Task prompt :: Leaving out every picture, quote the data below exactly as it appears.

Data segment ::
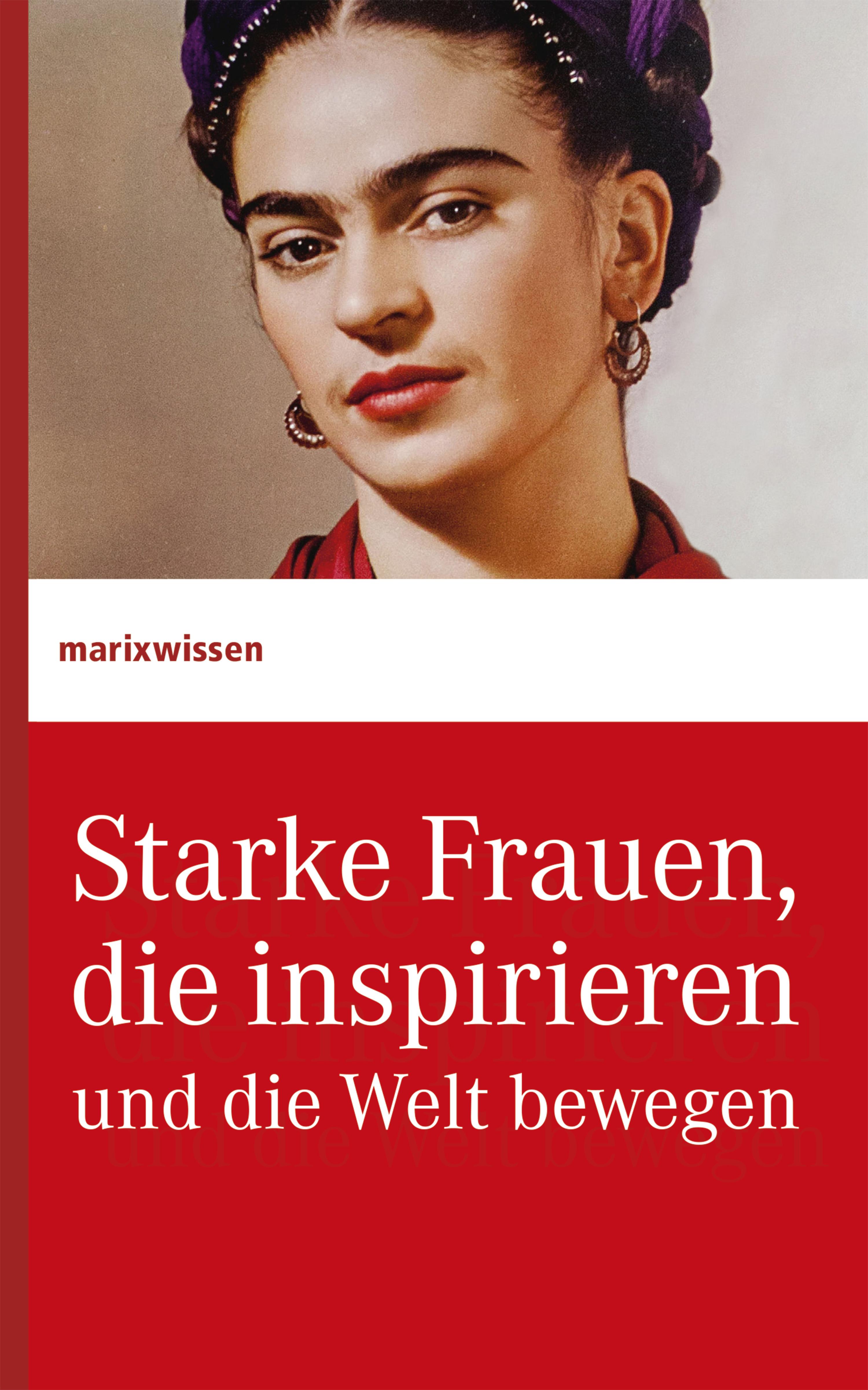 Обложка книги «Starke Frauen, die inspirieren und die Welt bewegen»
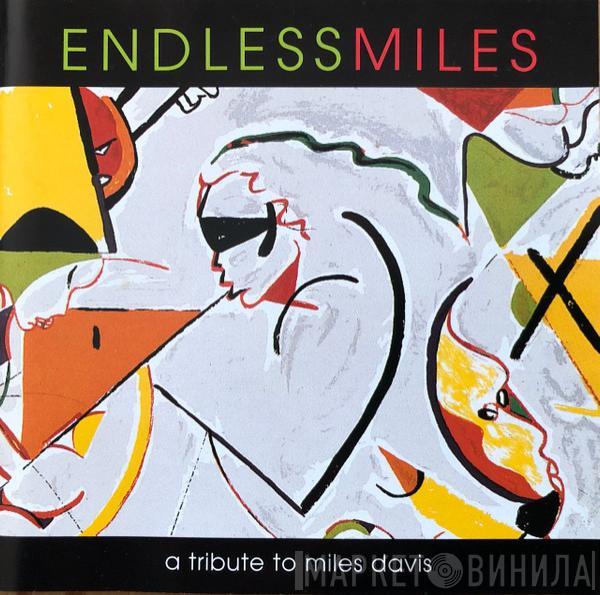  - Endless Miles: A Tribute To Miles Davis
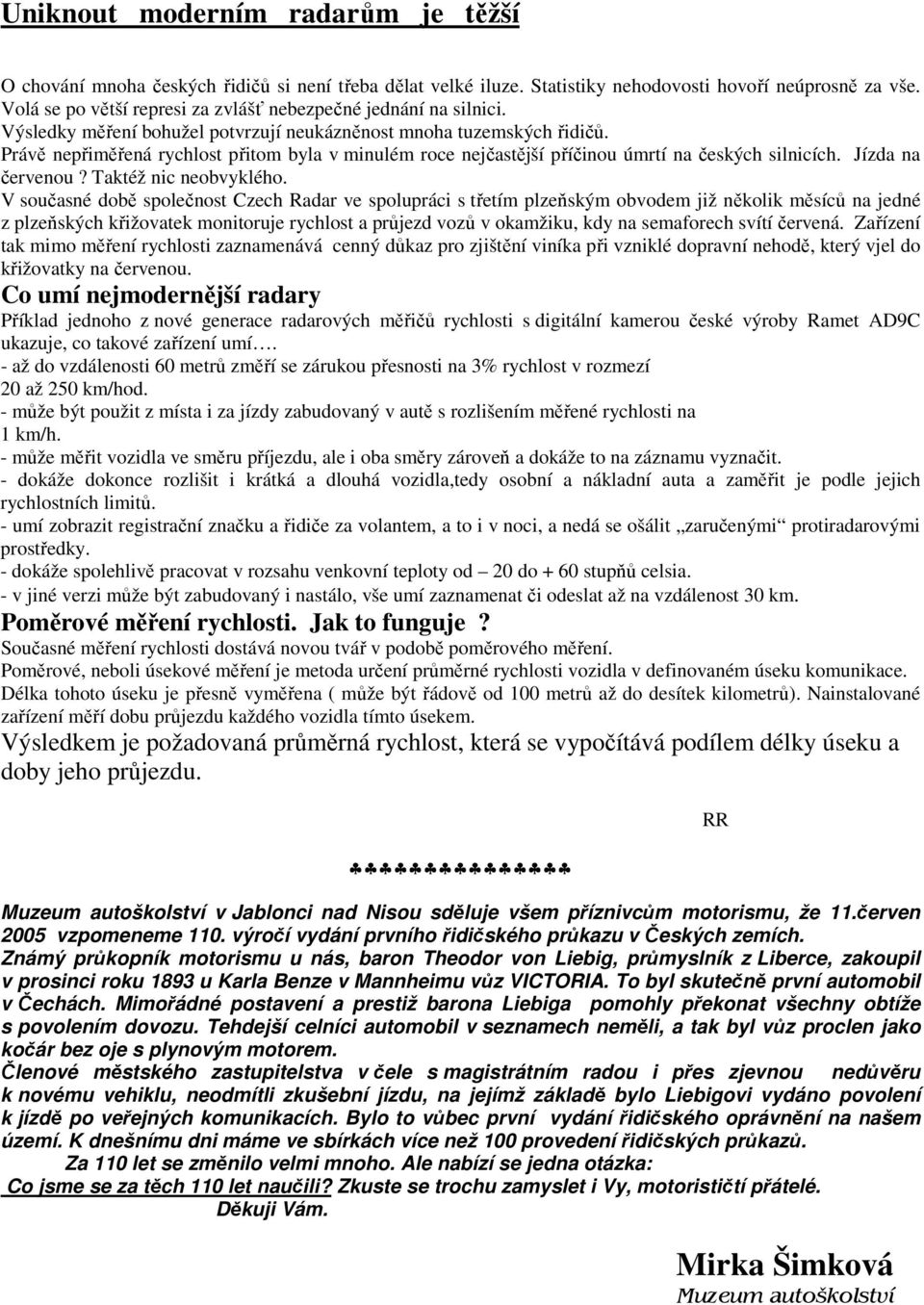 Právě nepřiměřená rychlost přitom byla v minulém roce nejčastější příčinou úmrtí na českých silnicích. Jízda na červenou? Taktéž nic neobvyklého.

Response ::
 Обложка книги «Starke Frauen, die inspirieren und die Welt bewegen»
  - Endless Miles: A Tribute To Miles Davis
 Právě nepřiměřená rychlost přitom byla v minulém roce nejčastější příčinou úmrtí na českých silnicích. Jízda na červenou? Taktéž nic neobvyklého.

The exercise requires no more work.